╭──
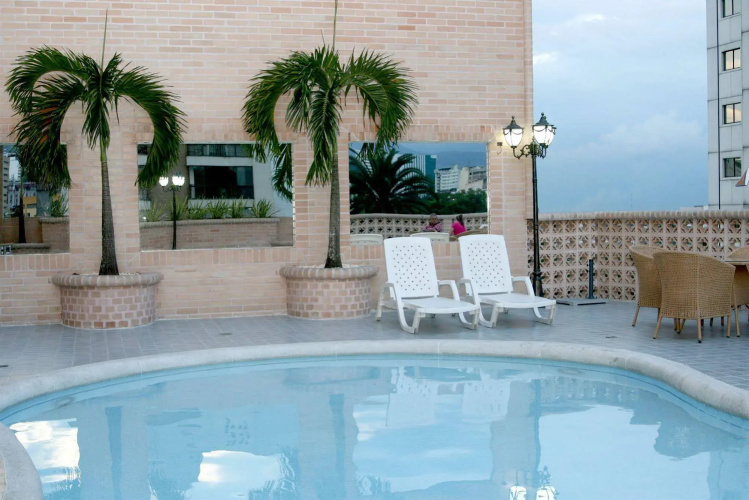 Hotel Calima Real
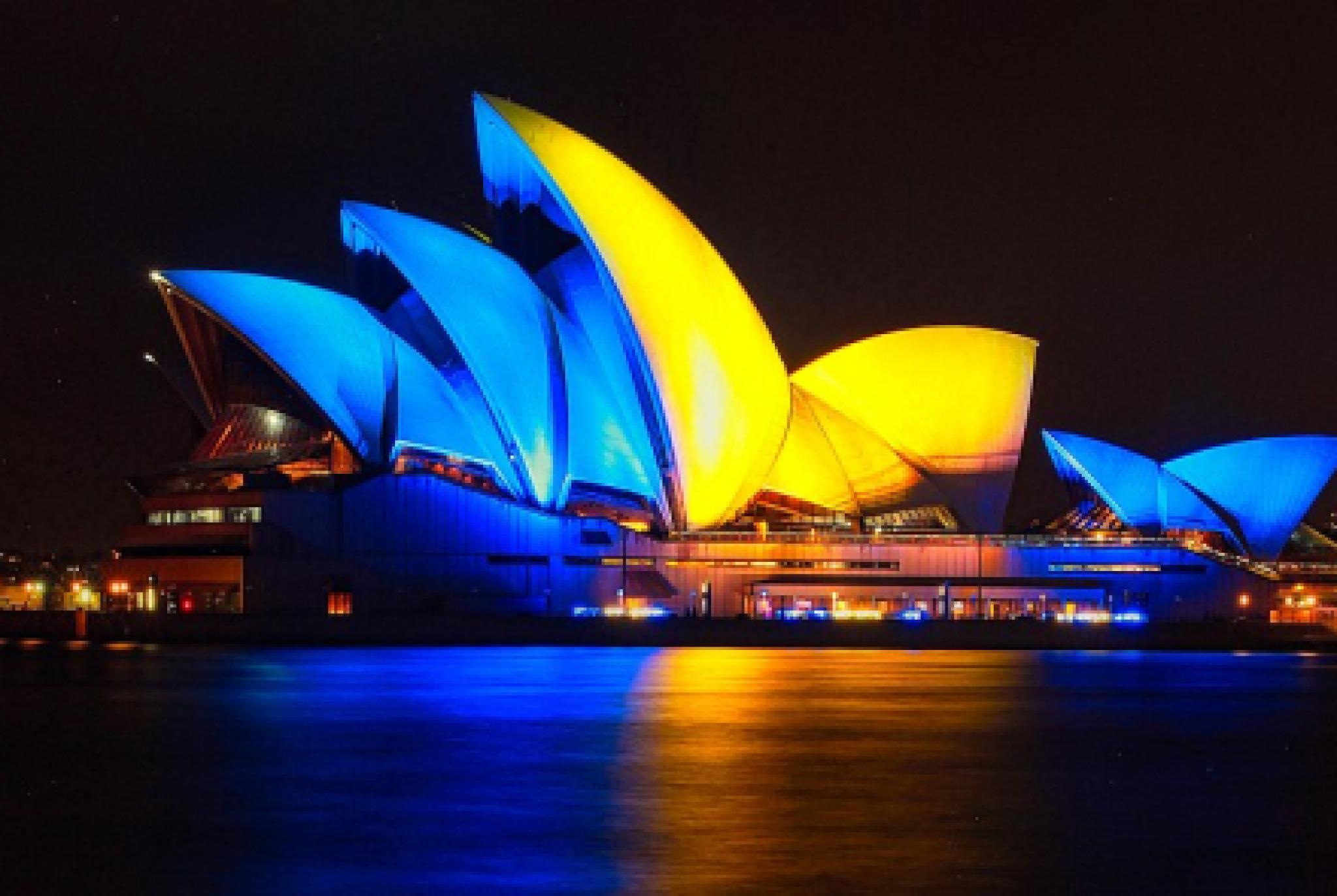 sydney stands with ukraine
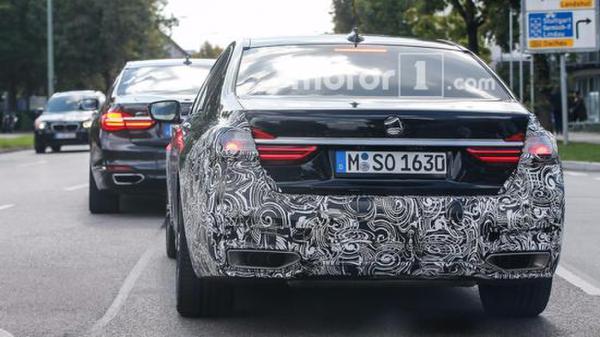 明年亮相/大灯升级 宝马新款7系海外路试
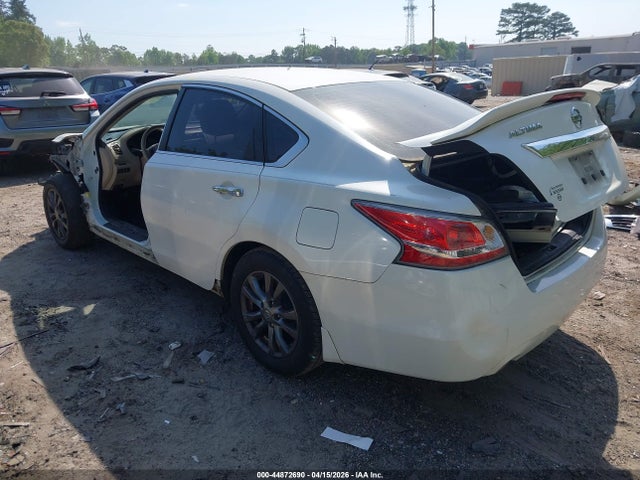 Продажа на аукционе авто 2015 Nissan Altima 2.5 S, vin: 1N4AL3AP9FC210022, номер лота: 44872690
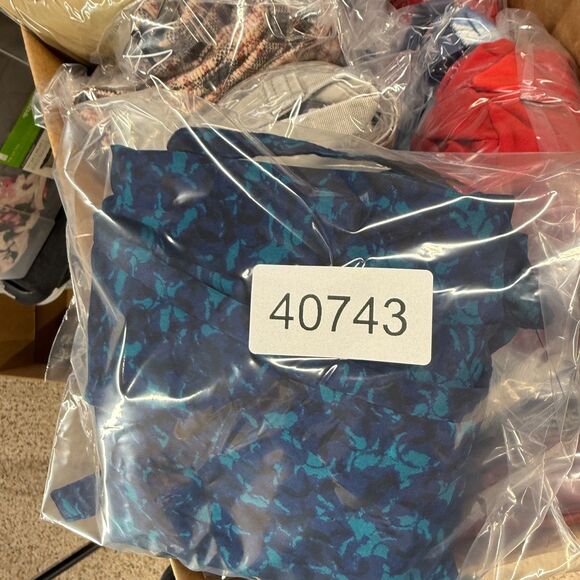 H&M Pants Women 10 Blue Geometric High Rise Chino Flat Front Skinny Pockets - Picture 8 of 8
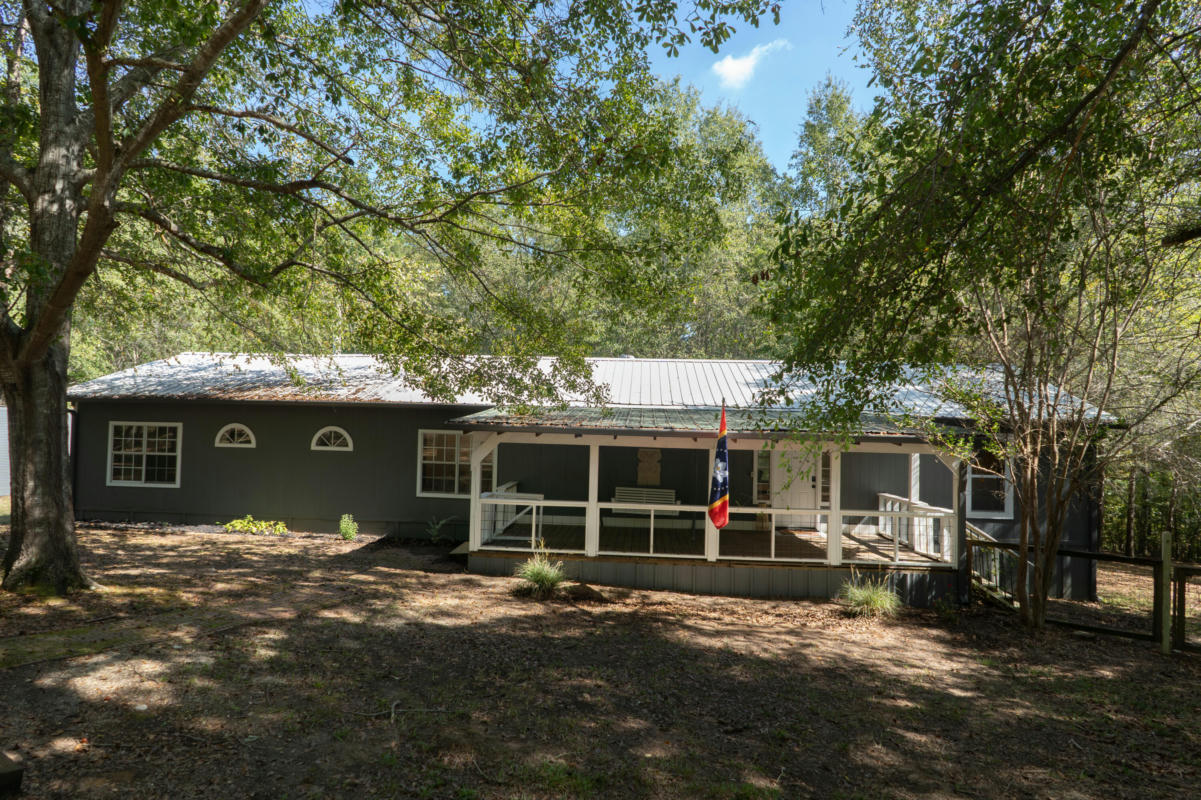 117 COUNTY ROAD 139, ABBEVILLE, MS 38601, photo 1 of 35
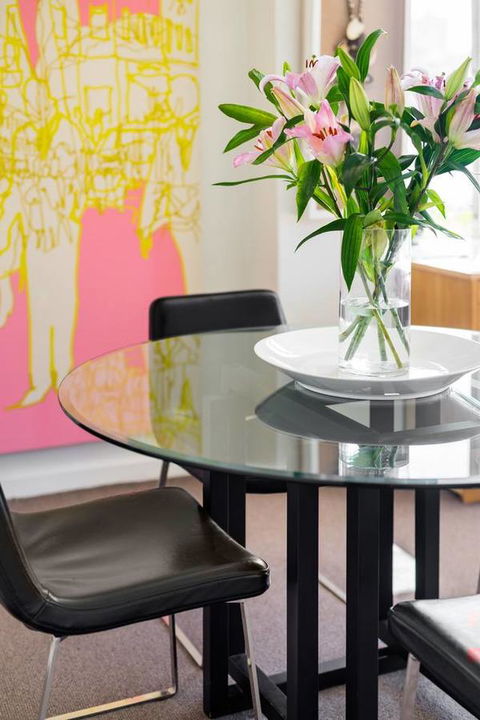 Waterfront Apartment Brimming With Inspirational Artwork - Accommodation Burleigh 23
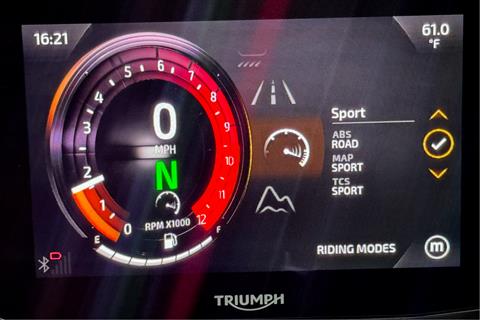 2024 Triumph Tiger 900 GT in Foxboro, Massachusetts - Photo 2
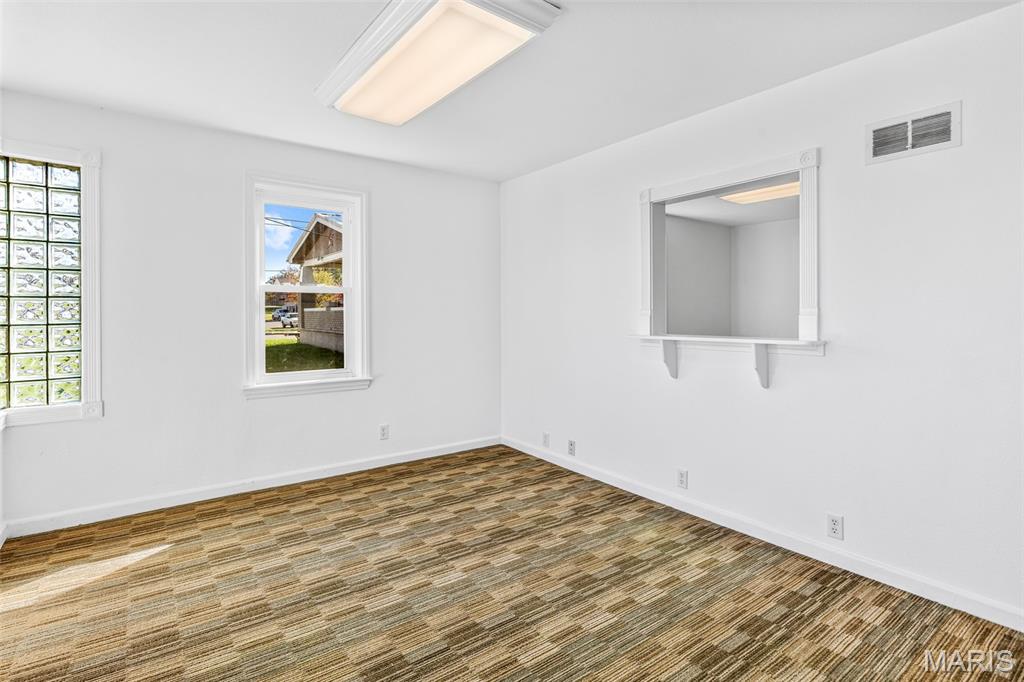 Town Hillsboro - Commercial Lease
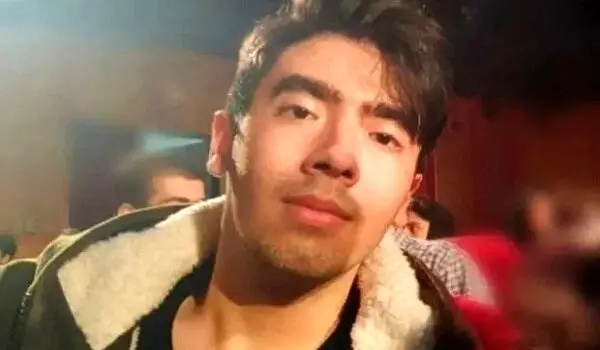برادر امیرمحمد خالقی، دانشجویی که توسط سارقان به قتل رسید؛ تقاضا داریم قاتل در ملاعام قصاص شود تا درس عبرتی باشد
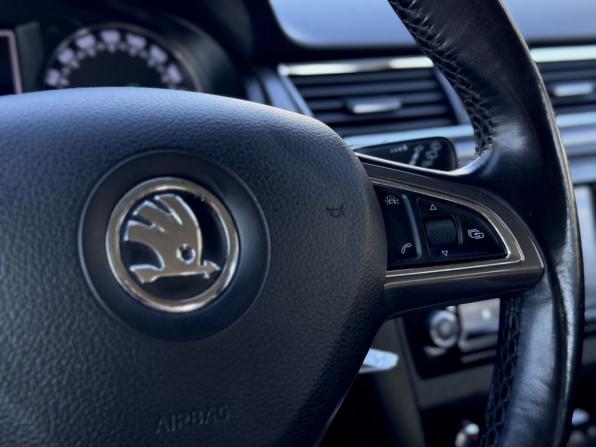 Skoda Rapid I с пробегом 2017 года, цена 1 230 000 рублей, 157602 км, лифтбек, Автокод Объявления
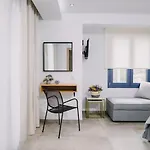 Blue Stone Luxury 3* يميناريا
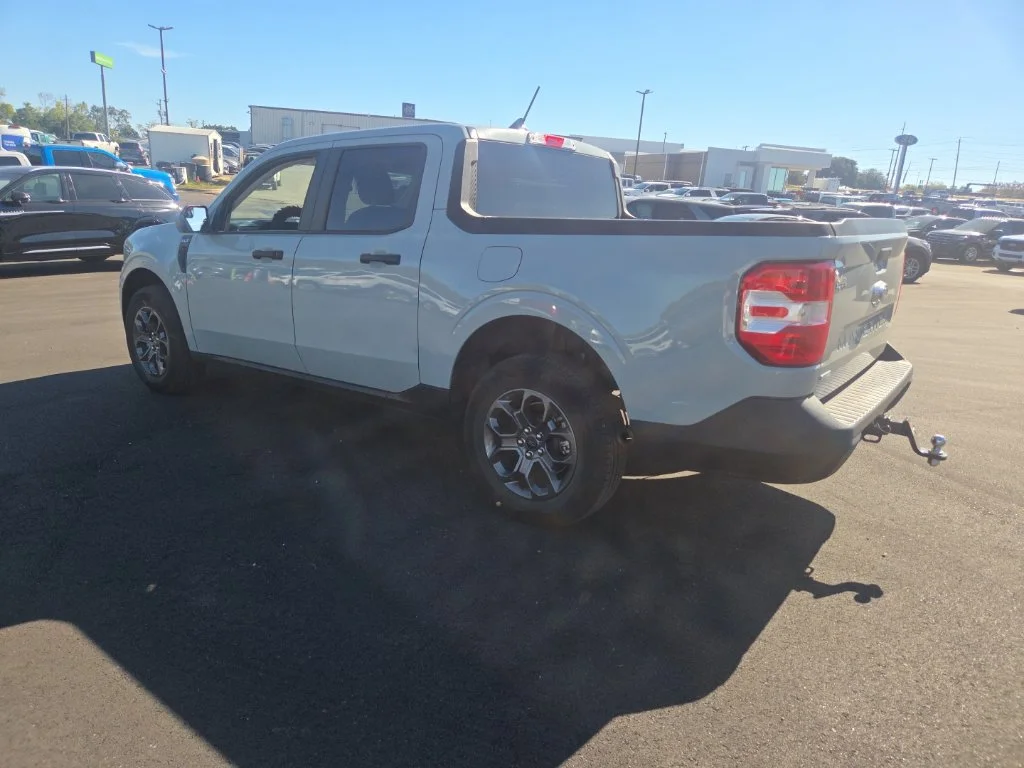 Used 2024 Green Ford XLT image 12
╰──
■ **Prompt**
Word for word, restate the lines from the one containing "H&M Pants Women" through the end of the listing, and nothing more. Skip the pictures.

■ **Response to the task**
 H&M Pants Women 10 Blue Geometric High Rise Chino Flat Front Skinny Pockets - Picture 8 of 8
 117 COUNTY ROAD 139, ABBEVILLE, MS 38601, photo 1 of 35
 Waterfront Apartment Brimming With Inspirational Artwork - Accommodation Burleigh 23
 2024 Triumph Tiger 900 GT in Foxboro, Massachusetts - Photo 2
 Town Hillsboro - Commercial Lease
برادر امیرمحمد خالقی، دانشجویی که توسط سارقان به قتل رسید؛ تقاضا داریم قاتل در ملاعام قصاص شود تا درس عبرتی باشد
 Skoda Rapid I с пробегом 2017 года, цена 1 230 000 рублей, 157602 км, лифтбек, Автокод Объявления
 Blue Stone Luxury 3* يميناريا
 Used 2024 Green Ford XLT image 12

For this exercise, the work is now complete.